### Task prompt
Type out the listing below exactly. Pictures stay out of it.

### Dataset excerpt
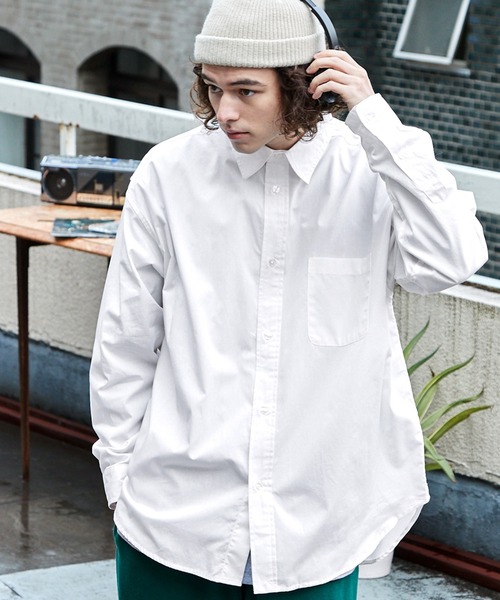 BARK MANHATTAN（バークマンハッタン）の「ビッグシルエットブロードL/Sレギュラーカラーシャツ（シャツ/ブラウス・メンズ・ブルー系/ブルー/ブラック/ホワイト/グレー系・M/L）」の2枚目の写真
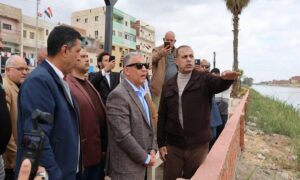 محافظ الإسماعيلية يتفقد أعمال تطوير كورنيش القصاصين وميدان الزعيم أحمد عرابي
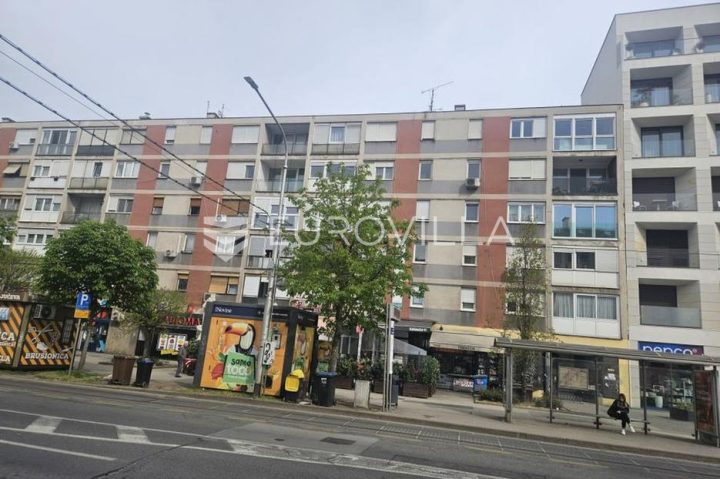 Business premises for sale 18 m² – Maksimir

### Written answer
 BARK MANHATTAN（バークマンハッタン）の「ビッグシルエットブロードL/Sレギュラーカラーシャツ（シャツ/ブラウス・メンズ・ブルー系/ブルー/ブラック/ホワイト/グレー系・M/L）」の2枚目の写真
 محافظ الإسماعيلية يتفقد أعمال تطوير كورنيش القصاصين وميدان الزعيم أحمد عرابي
 Business premises for sale 18 m² – Maksimir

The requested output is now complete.